▶ _YOUR OBJECTIVE_:
The expected answer is the set of lines in the data below between the line holding "Engine 2 x 4 x 4" and the line holding "Remington 25cc 2-Cycle", inclusive, written out exactly.

____ DATASET EXCERPTS

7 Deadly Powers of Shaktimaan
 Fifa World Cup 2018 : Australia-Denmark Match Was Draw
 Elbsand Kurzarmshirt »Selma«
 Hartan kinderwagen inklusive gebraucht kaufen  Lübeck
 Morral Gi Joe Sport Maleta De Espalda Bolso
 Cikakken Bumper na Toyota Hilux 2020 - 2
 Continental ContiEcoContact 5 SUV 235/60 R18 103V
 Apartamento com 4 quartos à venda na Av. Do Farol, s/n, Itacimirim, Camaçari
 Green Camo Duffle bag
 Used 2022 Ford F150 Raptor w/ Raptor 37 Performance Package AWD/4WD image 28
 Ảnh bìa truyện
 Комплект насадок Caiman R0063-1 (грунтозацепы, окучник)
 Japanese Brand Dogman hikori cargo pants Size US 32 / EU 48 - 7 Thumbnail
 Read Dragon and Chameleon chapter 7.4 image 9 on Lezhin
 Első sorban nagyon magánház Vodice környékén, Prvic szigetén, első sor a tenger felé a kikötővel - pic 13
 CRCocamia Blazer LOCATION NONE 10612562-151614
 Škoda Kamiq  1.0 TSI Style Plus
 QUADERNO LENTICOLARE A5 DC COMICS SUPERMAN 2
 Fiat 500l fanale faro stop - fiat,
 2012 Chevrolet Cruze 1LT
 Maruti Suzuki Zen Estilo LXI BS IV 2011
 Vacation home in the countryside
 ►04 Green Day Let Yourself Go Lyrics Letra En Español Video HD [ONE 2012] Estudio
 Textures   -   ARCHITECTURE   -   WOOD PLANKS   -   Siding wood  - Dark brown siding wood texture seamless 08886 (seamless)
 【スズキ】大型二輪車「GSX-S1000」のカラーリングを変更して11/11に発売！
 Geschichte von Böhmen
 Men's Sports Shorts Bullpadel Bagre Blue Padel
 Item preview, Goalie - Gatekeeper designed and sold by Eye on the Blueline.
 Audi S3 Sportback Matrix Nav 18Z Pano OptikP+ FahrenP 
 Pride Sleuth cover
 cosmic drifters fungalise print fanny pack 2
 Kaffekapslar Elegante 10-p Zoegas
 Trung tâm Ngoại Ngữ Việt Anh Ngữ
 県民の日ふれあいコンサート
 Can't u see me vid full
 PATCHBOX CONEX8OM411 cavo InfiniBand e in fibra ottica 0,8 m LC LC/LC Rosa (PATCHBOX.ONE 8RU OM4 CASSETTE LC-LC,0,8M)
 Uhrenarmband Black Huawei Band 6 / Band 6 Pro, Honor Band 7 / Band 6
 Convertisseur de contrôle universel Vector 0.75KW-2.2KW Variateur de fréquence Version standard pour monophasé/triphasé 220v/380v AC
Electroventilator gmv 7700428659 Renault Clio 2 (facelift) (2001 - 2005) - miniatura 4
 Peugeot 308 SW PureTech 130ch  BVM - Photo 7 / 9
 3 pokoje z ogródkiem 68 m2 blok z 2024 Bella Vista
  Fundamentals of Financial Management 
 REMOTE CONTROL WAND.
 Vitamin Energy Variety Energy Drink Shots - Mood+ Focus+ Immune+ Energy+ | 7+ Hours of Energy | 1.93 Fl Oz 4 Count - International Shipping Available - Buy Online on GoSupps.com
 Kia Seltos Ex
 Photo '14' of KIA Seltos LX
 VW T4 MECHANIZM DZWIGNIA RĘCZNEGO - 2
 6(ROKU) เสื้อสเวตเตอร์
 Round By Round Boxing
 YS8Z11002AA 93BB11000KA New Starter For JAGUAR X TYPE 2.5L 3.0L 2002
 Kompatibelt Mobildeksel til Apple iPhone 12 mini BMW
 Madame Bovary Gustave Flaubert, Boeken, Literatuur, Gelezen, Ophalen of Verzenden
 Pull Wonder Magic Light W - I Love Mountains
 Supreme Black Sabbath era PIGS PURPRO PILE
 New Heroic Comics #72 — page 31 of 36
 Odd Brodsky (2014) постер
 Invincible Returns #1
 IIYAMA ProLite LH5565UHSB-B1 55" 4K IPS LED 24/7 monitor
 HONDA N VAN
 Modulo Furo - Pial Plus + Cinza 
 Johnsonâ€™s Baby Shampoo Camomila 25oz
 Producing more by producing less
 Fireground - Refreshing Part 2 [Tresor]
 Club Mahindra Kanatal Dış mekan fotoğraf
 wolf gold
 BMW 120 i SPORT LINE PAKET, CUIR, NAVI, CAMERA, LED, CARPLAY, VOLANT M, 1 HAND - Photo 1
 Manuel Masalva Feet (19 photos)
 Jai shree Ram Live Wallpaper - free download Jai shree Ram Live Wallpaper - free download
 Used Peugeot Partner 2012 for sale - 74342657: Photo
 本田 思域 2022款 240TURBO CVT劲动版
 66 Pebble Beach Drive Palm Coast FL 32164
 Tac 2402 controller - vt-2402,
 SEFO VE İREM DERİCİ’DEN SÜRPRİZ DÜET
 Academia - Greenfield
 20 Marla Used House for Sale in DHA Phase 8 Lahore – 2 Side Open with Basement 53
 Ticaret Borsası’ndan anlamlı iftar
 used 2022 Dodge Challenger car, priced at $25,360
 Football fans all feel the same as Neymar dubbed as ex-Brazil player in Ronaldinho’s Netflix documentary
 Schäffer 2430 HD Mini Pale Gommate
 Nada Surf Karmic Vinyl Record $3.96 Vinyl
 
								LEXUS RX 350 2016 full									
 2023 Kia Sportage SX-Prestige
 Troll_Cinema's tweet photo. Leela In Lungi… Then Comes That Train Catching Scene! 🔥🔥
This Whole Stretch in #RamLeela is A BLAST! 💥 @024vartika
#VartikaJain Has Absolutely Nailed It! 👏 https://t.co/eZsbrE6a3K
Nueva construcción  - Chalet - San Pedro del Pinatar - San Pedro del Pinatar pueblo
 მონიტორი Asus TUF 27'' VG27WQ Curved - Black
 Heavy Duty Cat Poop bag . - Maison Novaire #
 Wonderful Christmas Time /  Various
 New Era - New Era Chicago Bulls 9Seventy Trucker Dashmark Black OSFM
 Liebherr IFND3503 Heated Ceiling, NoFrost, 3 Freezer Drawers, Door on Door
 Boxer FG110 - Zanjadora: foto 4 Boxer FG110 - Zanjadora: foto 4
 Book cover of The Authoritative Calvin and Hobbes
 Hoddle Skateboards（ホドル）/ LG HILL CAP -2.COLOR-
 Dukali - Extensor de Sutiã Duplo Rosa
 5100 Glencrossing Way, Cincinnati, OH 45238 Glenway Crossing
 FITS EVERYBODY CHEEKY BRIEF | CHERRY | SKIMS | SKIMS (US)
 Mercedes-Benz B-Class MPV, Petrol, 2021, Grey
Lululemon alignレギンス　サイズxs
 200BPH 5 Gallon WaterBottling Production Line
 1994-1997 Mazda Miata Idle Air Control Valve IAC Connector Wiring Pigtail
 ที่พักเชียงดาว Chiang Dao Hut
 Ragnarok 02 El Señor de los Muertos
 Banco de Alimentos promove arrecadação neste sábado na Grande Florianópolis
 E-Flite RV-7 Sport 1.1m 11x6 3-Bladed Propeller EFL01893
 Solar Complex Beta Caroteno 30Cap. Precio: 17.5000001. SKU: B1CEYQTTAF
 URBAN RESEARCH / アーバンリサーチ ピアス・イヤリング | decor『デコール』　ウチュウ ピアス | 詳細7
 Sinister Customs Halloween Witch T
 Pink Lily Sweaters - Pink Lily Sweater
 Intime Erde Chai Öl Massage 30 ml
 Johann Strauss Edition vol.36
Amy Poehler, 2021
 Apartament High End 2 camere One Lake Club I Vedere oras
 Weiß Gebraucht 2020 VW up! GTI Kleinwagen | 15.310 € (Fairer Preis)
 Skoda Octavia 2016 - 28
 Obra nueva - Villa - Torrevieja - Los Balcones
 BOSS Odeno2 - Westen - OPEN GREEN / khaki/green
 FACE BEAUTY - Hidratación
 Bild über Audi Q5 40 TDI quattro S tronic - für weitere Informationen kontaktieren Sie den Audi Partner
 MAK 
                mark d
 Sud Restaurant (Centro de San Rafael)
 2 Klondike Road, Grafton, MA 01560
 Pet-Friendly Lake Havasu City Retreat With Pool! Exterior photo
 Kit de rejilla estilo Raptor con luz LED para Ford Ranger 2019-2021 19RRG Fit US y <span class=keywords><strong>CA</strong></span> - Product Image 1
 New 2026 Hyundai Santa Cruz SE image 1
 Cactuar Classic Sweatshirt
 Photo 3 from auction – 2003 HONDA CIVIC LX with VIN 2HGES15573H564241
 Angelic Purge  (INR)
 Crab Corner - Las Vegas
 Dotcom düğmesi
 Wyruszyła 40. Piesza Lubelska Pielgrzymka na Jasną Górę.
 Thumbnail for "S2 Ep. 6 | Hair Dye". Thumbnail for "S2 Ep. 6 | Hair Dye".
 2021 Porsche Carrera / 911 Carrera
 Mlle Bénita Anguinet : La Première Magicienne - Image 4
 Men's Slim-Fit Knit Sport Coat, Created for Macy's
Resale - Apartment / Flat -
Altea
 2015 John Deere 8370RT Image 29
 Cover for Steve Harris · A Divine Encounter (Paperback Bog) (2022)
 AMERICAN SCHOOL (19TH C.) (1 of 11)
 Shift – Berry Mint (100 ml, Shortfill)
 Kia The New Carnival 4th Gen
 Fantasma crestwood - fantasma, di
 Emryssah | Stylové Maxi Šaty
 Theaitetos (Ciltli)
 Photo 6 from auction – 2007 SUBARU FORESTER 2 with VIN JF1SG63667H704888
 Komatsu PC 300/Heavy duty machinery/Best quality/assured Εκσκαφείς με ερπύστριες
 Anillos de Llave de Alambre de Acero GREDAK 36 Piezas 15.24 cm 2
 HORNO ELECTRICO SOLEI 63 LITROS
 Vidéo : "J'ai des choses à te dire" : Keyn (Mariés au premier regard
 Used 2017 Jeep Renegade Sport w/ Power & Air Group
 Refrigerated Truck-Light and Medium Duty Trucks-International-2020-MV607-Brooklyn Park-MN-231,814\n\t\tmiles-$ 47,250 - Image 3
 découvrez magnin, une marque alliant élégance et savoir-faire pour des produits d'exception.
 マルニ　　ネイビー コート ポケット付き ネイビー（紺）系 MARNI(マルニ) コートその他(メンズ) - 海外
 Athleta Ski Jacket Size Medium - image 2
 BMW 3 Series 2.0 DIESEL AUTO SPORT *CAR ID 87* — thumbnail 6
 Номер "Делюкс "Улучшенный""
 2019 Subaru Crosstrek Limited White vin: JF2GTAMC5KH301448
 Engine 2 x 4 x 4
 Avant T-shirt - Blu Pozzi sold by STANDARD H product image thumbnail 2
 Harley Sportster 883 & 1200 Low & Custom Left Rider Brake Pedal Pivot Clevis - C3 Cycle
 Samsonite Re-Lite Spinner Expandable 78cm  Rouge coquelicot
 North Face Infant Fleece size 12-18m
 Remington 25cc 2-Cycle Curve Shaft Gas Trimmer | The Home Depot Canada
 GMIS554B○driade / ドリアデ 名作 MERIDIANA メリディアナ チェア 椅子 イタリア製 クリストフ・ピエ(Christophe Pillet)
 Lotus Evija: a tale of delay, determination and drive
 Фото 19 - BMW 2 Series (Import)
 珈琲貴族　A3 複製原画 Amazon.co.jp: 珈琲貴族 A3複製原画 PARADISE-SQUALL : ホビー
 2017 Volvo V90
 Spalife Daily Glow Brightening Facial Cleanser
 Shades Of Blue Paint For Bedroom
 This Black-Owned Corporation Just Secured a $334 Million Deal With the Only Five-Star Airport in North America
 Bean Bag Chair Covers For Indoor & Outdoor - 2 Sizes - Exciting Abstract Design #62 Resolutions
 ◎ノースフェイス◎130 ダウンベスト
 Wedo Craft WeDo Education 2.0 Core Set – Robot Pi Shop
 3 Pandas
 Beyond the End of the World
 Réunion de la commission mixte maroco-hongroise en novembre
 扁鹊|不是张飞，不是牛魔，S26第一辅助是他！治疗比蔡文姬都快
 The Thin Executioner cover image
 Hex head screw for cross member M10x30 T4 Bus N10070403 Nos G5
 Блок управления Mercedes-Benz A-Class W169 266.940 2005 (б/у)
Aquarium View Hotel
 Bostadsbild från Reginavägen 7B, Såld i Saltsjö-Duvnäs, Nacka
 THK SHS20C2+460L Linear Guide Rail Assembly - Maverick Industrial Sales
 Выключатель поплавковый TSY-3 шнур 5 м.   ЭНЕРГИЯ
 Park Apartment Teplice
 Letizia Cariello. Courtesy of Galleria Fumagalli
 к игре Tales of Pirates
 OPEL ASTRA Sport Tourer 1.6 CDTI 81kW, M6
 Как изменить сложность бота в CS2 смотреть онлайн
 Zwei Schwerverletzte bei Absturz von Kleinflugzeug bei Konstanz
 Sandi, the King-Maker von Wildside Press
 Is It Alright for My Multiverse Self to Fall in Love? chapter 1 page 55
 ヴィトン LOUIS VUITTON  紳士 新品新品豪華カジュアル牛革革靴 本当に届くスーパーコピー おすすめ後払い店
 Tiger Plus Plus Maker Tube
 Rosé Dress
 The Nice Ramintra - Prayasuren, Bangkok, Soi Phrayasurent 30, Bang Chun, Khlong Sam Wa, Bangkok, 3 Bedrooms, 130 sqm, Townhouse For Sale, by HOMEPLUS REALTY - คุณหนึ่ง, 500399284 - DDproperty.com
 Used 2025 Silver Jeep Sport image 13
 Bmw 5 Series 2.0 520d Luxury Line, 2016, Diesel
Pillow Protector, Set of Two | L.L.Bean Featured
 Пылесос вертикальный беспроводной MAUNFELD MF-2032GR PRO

________

▶ _OUTPUT BELOW_:
 Engine 2 x 4 x 4
 Avant T-shirt - Blu Pozzi sold by STANDARD H product image thumbnail 2
 Harley Sportster 883 & 1200 Low & Custom Left Rider Brake Pedal Pivot Clevis - C3 Cycle
 Samsonite Re-Lite Spinner Expandable 78cm  Rouge coquelicot
 North Face Infant Fleece size 12-18m
 Remington 25cc 2-Cycle Curve Shaft Gas Trimmer | The Home Depot Canada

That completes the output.